Content starts

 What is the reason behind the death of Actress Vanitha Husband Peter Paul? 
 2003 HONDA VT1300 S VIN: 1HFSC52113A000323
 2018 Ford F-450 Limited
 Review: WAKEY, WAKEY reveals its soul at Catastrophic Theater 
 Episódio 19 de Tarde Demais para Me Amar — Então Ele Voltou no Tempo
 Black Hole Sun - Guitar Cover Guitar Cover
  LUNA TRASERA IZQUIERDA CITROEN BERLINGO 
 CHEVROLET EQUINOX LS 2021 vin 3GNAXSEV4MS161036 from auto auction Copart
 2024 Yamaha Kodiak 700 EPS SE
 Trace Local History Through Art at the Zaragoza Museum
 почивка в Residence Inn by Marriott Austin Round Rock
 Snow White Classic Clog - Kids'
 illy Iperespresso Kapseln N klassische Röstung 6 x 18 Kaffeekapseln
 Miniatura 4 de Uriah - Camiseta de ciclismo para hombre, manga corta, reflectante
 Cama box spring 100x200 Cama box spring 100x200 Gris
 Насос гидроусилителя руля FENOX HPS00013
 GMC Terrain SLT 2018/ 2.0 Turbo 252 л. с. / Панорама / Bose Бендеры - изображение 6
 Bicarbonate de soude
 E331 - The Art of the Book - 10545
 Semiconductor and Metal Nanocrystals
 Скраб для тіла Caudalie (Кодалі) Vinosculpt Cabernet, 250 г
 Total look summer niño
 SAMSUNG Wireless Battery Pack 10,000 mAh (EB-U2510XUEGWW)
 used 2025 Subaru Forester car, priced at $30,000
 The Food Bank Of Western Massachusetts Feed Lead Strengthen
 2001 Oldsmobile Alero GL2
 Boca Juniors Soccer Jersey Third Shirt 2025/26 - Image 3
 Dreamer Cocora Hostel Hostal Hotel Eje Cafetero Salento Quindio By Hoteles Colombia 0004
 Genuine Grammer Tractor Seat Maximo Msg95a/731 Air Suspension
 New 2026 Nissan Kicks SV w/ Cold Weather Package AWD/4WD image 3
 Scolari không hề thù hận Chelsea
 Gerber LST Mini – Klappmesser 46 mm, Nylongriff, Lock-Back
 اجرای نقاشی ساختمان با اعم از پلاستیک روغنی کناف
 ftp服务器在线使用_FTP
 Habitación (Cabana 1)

Content ends

> [Work instructions]:
Lines containing the word "para": copy every one of them from the records above.

> [Output below]:
 Episódio 19 de Tarde Demais para Me Amar — Então Ele Voltou no Tempo
 Miniatura 4 de Uriah - Camiseta de ciclismo para hombre, manga corta, reflectante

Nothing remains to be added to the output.